En Arkansas, la loi obligeant les femmes à demander l’accord du géniteur pour avorter entrera en vigueur fin juillet. Votée en mars dernier, cette loi s’inscrit dans le cadre du « L’Arkansas Final Disposition Rights » qui stipule qu’en cas de décès, les membres de la famille doivent se mettre d’accord sur le sort du corps, incluant désormais les fœtus avortés.

En clair, une femme ne pourra plus avorter sans la permission de son partenaire sexuel et ce, même s’il s’agit de son violeur.  En effet, l’agresseur aura le droit légal de s’opposer à l’avortement. Dans le cas des mineures, la décision reviendra aux parents.

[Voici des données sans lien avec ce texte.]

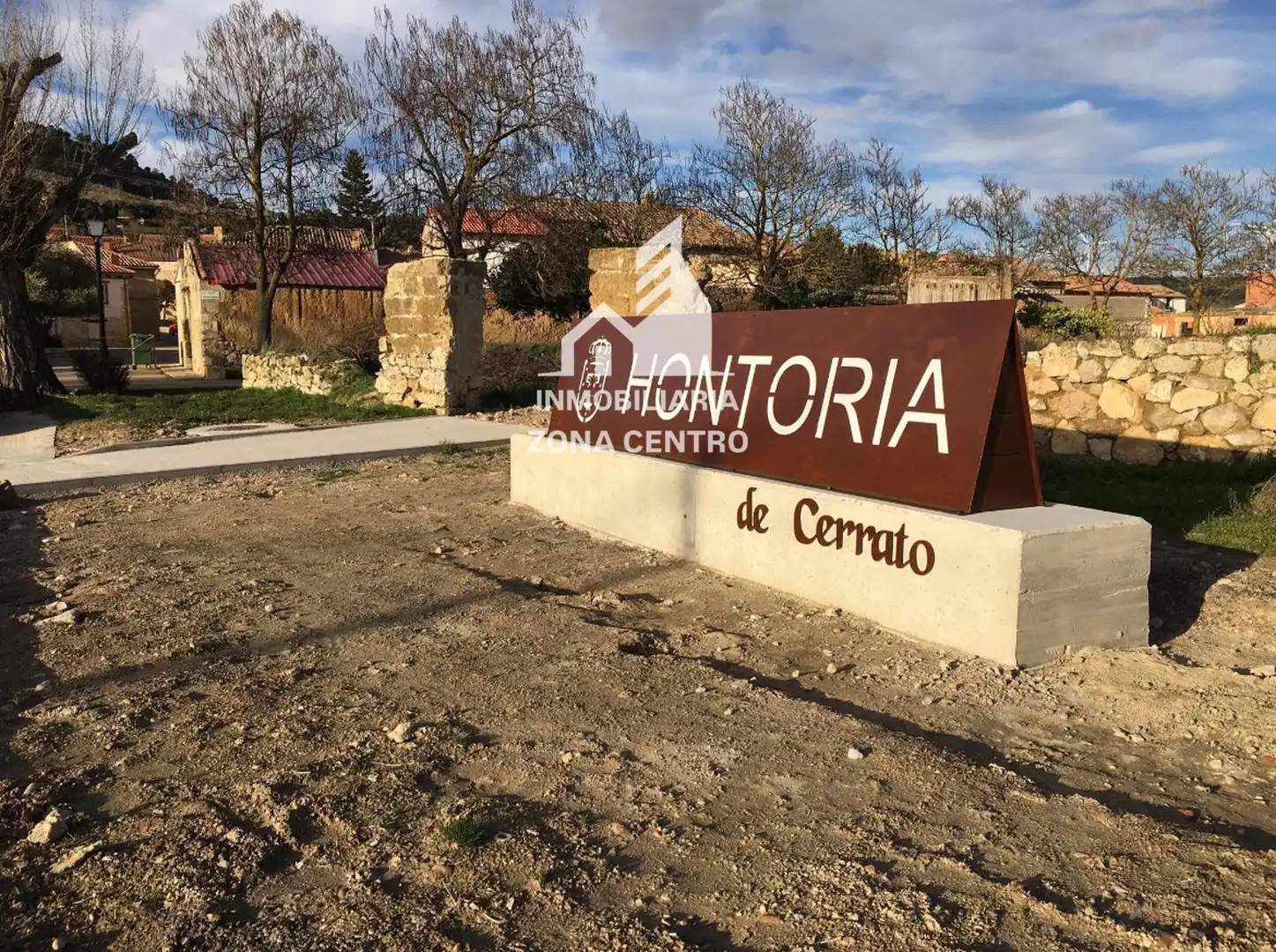 Vista exterior de Casa o chalet en venta en Hontoria de Cerrato con Jardín privado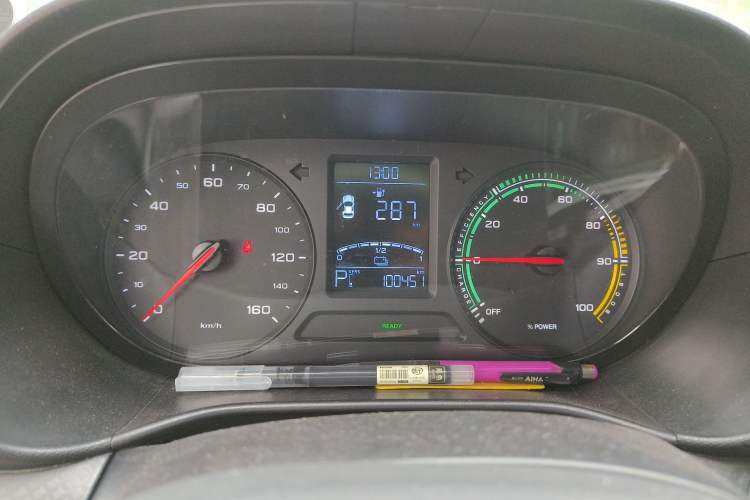 Used Roewe Clever 2021 302km All-Round Version
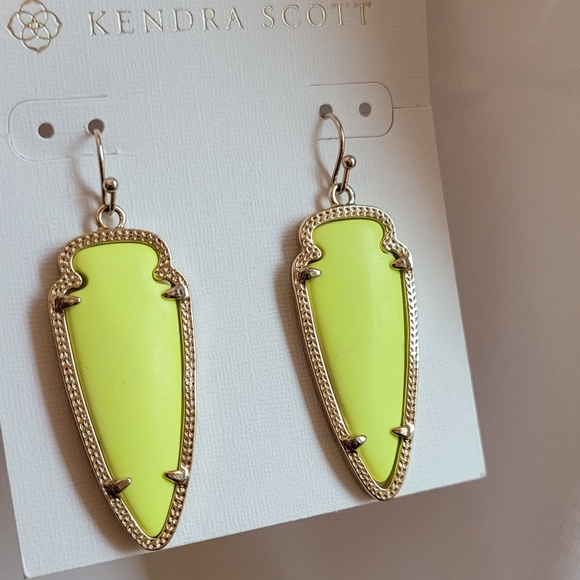 Rare Neon Yellow Kendra Scott Sky Earrings in gold - Picture 10 of 16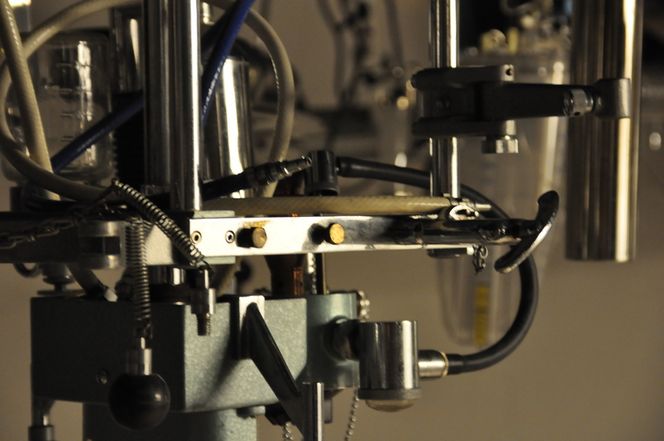 STAPPFULLT: Utstillingen er en instrumentorgie uten sidestykke i museets historie. I ett av rommene er det stappfullt av medisinske instrumenter i taket.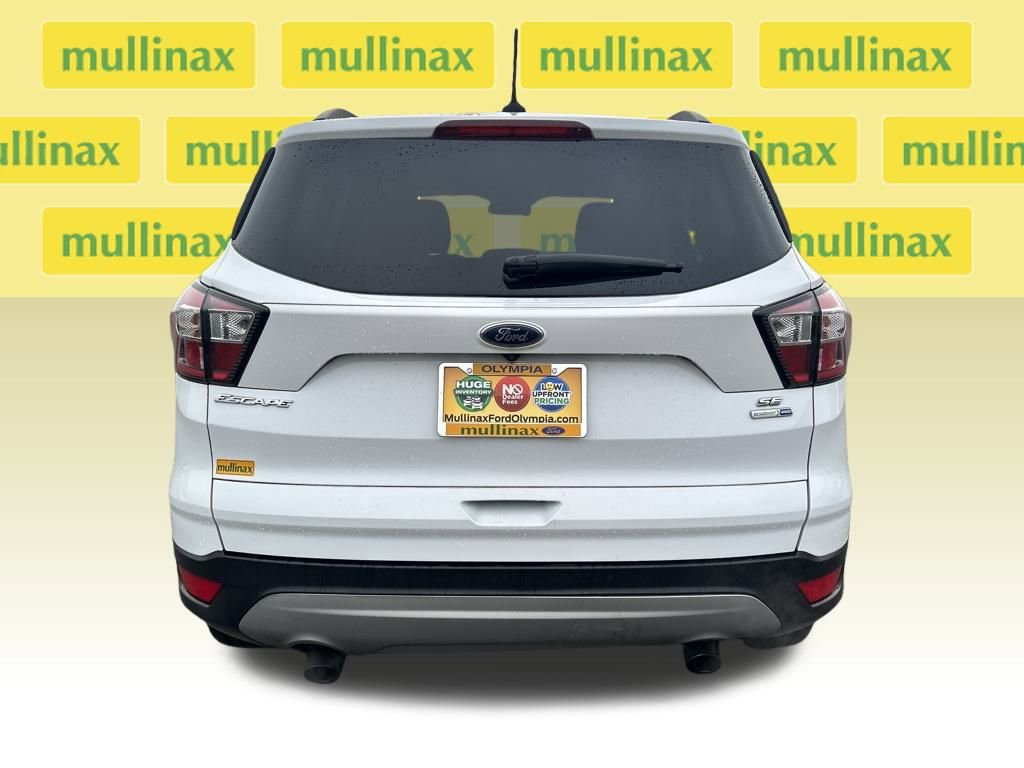 Certified 2018 Ford Escape SE w/ SE Sync 3 Package image 30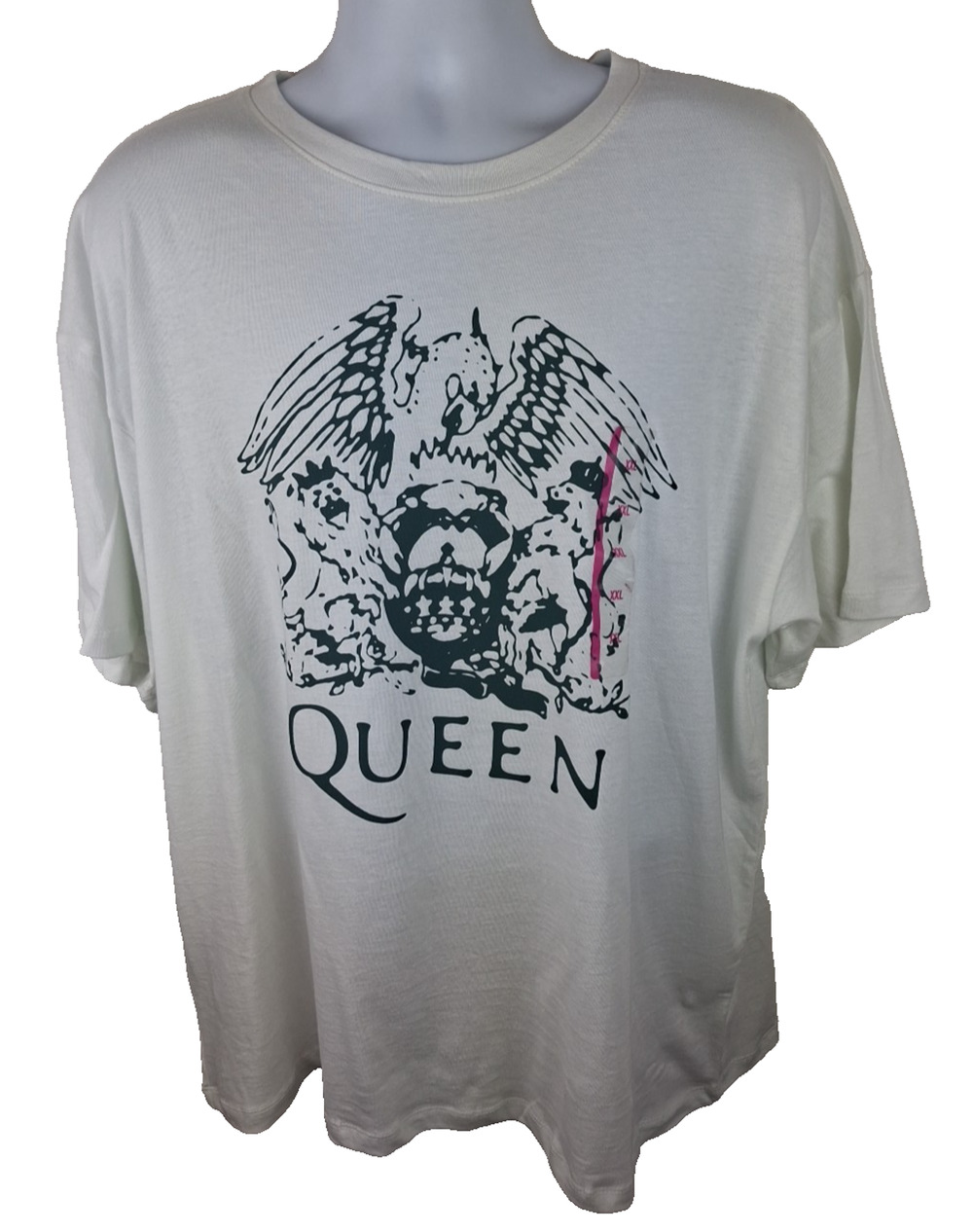 Official Queen Rock Band Logo White Tshirt Size XXL, Size tag still attacked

Pour les associations féministes et pro-choix, cette loi constitue une atteinte à la vie privée des femmes et une violation de leur anatomie. Ils dénoncent une stratégie dissimulée pour rendre l’IVG encore plus compliquée jusqu’à la rendre impossible en Arkansas.

Depuis l’élection de Dolnad Trump, les droits des femmes sont de plus en plus dans le collimateur du nouveau gouvernement et surtout lorsqu’il est question d’IVG. En effet, le président des Etats-Unis a signé, le 23 janvier dernier, un décret interdisant le financement des Organisations Non Gouvernementales (ONG) internationales qui œuvrent pour la facilité d’accès à l’IVG dans les pays en développement.